Genelkurmay Başkanlığı'na bağlı Özel Kuvvetler Komutanlığı'nca hazırlanan "çok gizli" (kozmik) planın oluşmasına MİT Müsteşarı Şensal Atasagun da katıldı ve ayrıntılar Genelkurmay Harekat Başkanı ve Başbakanlık Askeri Danışmanı Korgeneral Yaşar Büyükanıt tarafından Başbakan Bülent Ecevit'e aktarıldı.
Cumhurbaşkanı Süleyman Demirel de bütün gelişmeler konusunda sürekli bilgilendirildi. Operasyonla ilgili koordinasyonu Korgeneral Yaşar Büyükanıt yaparken, hazırlıklar Cumhurbaşkanı, Başbakan, Genelkurmay Başkanı, Dışişleri Bakanı, Kuvvet Komutanları ve MİT Müsteşarı dışında herkesten gizlendi. Bu aşamada Atina, Washington ve Moskova'yla yoğun bir temasa geçilerek operasyona yardımcı olmaları istendi.
Pilotlar habersiz
Operasyona katılacak görevliler büyük bir titizlikle seçildi. Operasyon timine 1982'de Ermeni terör örgütü ASALA'ya dönük operasyonlara katılmış tecrübeli bir görevlinin komuta etmesi kararlaştırıldı. Operasyon timini Nairobi'ye götürmek üzere Cavit Çağlar'a ait Fransız Dassault imalatı Falcon 900 B uçağı dört gün önce kiralandı. Uçağı Etimesgut Askeri Havaalanı'na getiren pilotlar Sadık Sindal ve Yalçın Bal misafir olarak alıkonuldu ve aileleriyle bile görüşmelerine izin verilmedi.
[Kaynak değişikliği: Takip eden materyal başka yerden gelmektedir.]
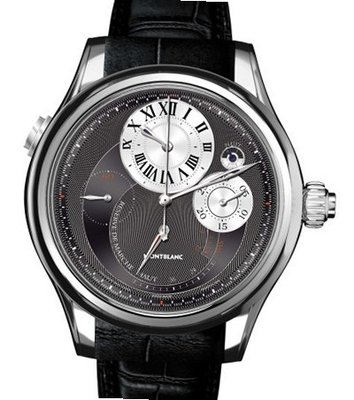 Montblanc Collection Villeret 1858 Grand Chronographe Régulateur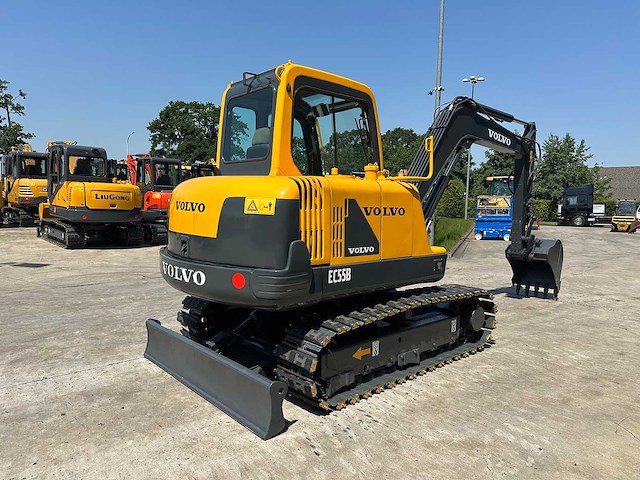Volvo - 2014 - ec55b - midigraafmachine - afbeelding 34 van  40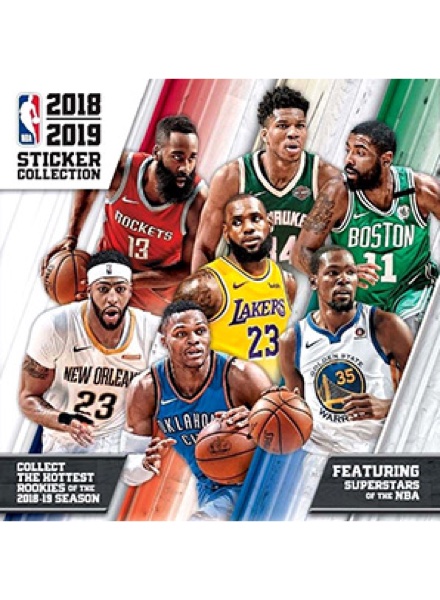 Colección NBA Basketball 2018-2019. Edición USA de Panini en ACABARAMOS.COM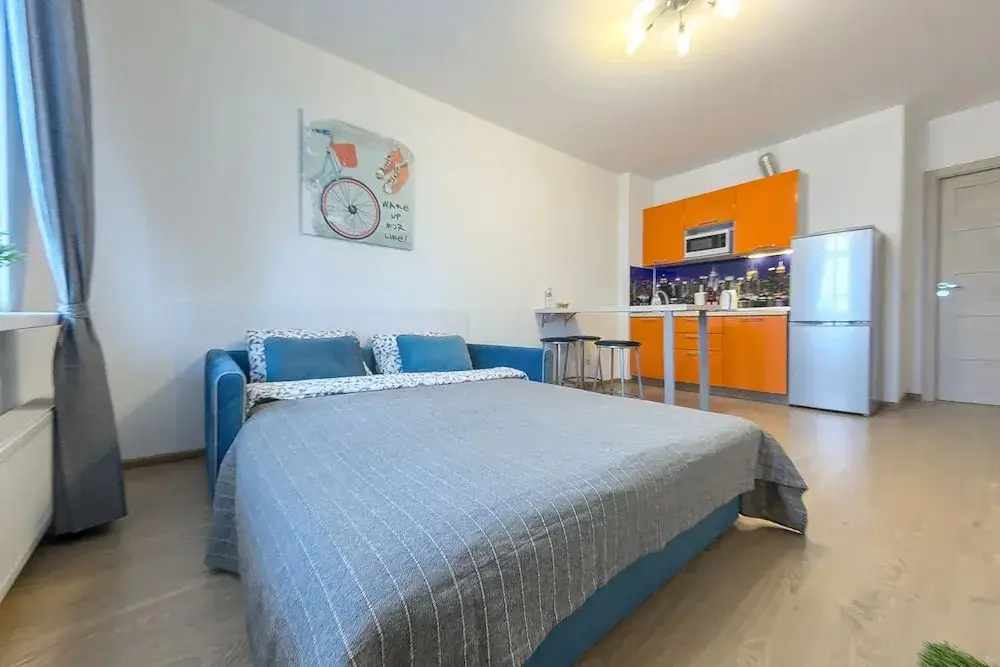 Санкт-Петербург: Apartments on Energetikov 9 1-3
Uçağın boyanıp teknik bakımının tamamlanmasından sonra görevliler özel bir gezi görüntüsüyle Nairobi'ye gitti ve havaalanında özel bir aprona çekildi. Özel tim Nairobi'de Yunan Büyükelçiliği rezidansının yakınında üslendi. Öcalan pazartesi akşamı, Yunan Büyükelçiliği rezidansından çıkartılıp bir konvoyla hareket ettiğinde operasyon için "başla" düğmesine de basıldı.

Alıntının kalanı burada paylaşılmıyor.